Records supplied section start

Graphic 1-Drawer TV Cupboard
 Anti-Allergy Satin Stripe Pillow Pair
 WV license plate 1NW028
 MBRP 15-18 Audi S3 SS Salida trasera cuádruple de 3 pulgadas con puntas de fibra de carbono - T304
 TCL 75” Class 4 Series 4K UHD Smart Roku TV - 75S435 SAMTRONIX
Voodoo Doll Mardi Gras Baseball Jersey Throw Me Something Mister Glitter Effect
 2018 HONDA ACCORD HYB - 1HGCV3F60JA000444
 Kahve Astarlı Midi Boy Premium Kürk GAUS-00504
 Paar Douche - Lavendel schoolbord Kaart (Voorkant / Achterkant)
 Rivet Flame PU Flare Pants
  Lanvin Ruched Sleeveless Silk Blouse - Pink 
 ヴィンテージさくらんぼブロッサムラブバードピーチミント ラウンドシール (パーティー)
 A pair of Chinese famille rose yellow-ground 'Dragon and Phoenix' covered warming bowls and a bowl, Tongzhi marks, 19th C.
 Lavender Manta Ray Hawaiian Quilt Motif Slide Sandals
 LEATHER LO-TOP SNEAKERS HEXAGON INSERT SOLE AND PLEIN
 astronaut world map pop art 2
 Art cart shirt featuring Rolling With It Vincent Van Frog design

Records supplied section end

**Task details**
Set down all the data exactly as given.

**Exercise solution**
Graphic 1-Drawer TV Cupboard
 Anti-Allergy Satin Stripe Pillow Pair
 WV license plate 1NW028
 MBRP 15-18 Audi S3 SS Salida trasera cuádruple de 3 pulgadas con puntas de fibra de carbono - T304
 TCL 75” Class 4 Series 4K UHD Smart Roku TV - 75S435 SAMTRONIX
Voodoo Doll Mardi Gras Baseball Jersey Throw Me Something Mister Glitter Effect
 2018 HONDA ACCORD HYB - 1HGCV3F60JA000444
 Kahve Astarlı Midi Boy Premium Kürk GAUS-00504
 Paar Douche - Lavendel schoolbord Kaart (Voorkant / Achterkant)
 Rivet Flame PU Flare Pants
  Lanvin Ruched Sleeveless Silk Blouse - Pink 
 ヴィンテージさくらんぼブロッサムラブバードピーチミント ラウンドシール (パーティー)
 A pair of Chinese famille rose yellow-ground 'Dragon and Phoenix' covered warming bowls and a bowl, Tongzhi marks, 19th C.
 Lavender Manta Ray Hawaiian Quilt Motif Slide Sandals
 LEATHER LO-TOP SNEAKERS HEXAGON INSERT SOLE AND PLEIN
 astronaut world map pop art 2
 Art cart shirt featuring Rolling With It Vincent Van Frog design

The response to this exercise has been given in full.